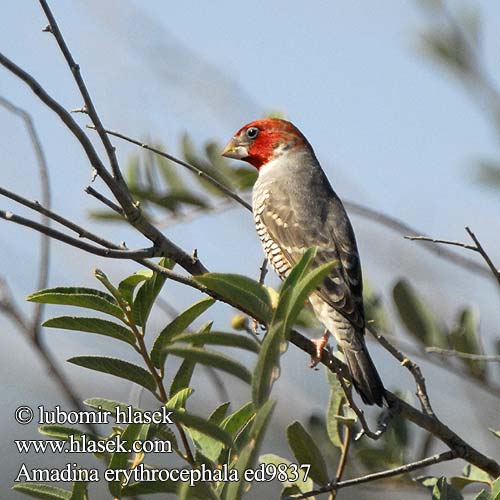 Amadina erythrocephala ed9837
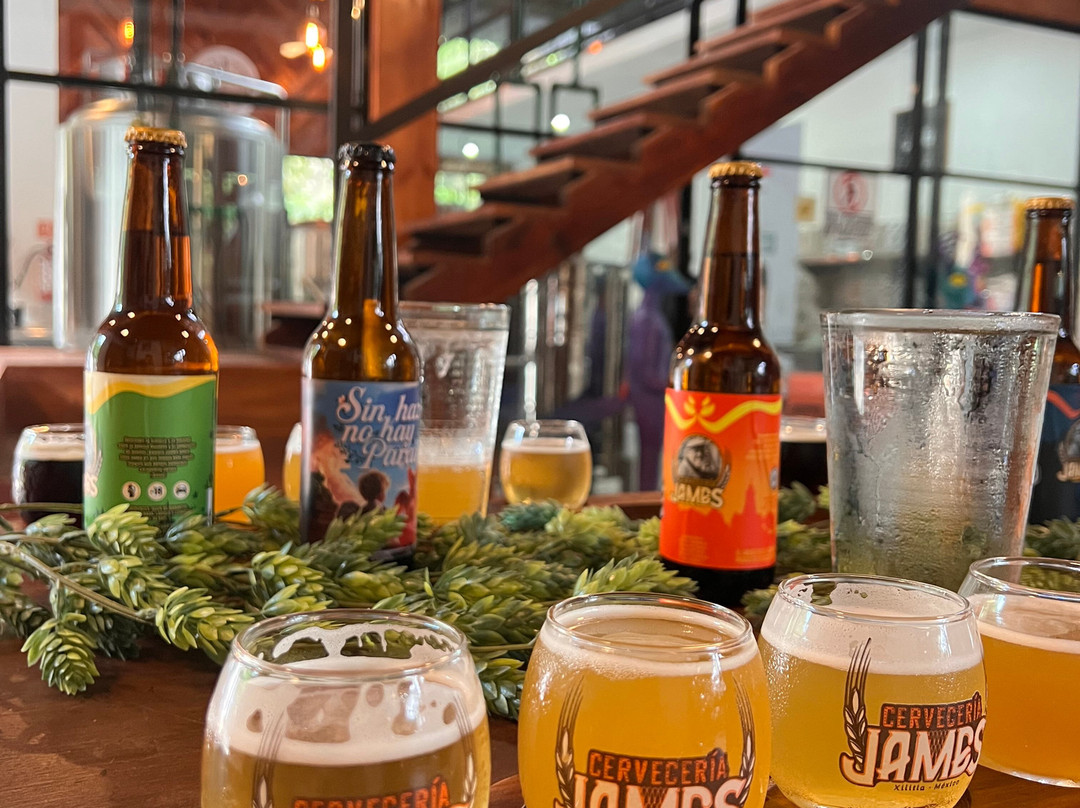 Cervecería James-Xilitla必去景点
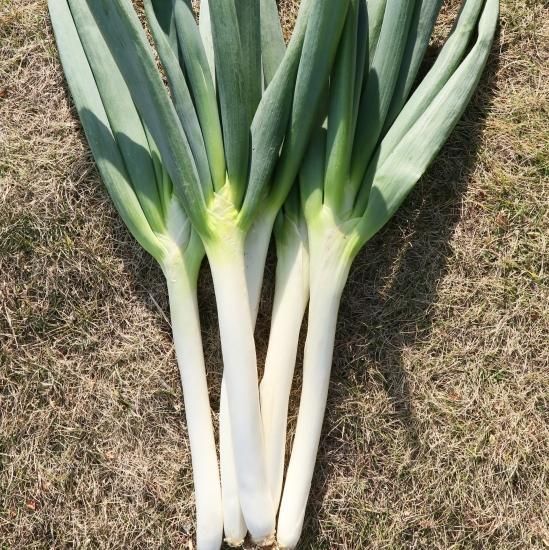 味重視！作りやすさも重視！【なべちゃんゴールド】のココが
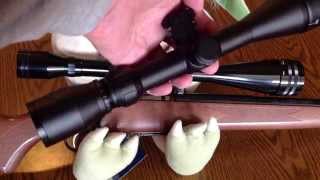 The best AR carry handle scope mount amp BSA Sweet series scopes [upl. by Keir910]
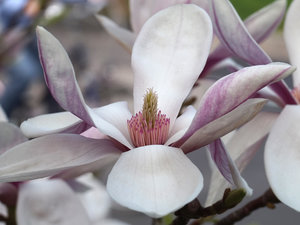k_Magnolie.jpg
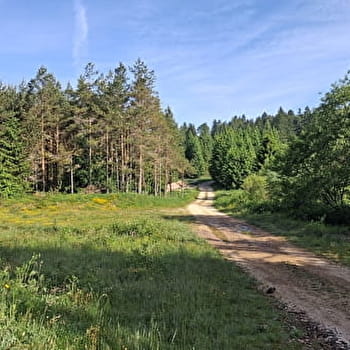 Le Laveron - n° 93 - SAINTE-COLOMBE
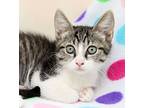 Pepper, Domestic Shorthair For Adoption In Tierra Verde, Florida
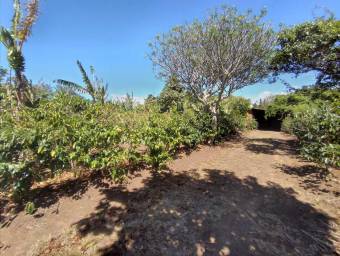 Se vende lote en Santo Domingo Heredia 25-438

────

__Exercise__:
Print exactly the line containing "味重視！作りやすさも重視！【なべちゃんゴールド】のココが" and every line after it through the final line above, and leave all pictures out.

__Output of the exercise__:
 味重視！作りやすさも重視！【なべちゃんゴールド】のココが
 The best AR carry handle scope mount amp BSA Sweet series scopes [upl. by Keir910]
k_Magnolie.jpg
 Le Laveron - n° 93 - SAINTE-COLOMBE
 Pepper, Domestic Shorthair For Adoption In Tierra Verde, Florida
 Se vende lote en Santo Domingo Heredia 25-438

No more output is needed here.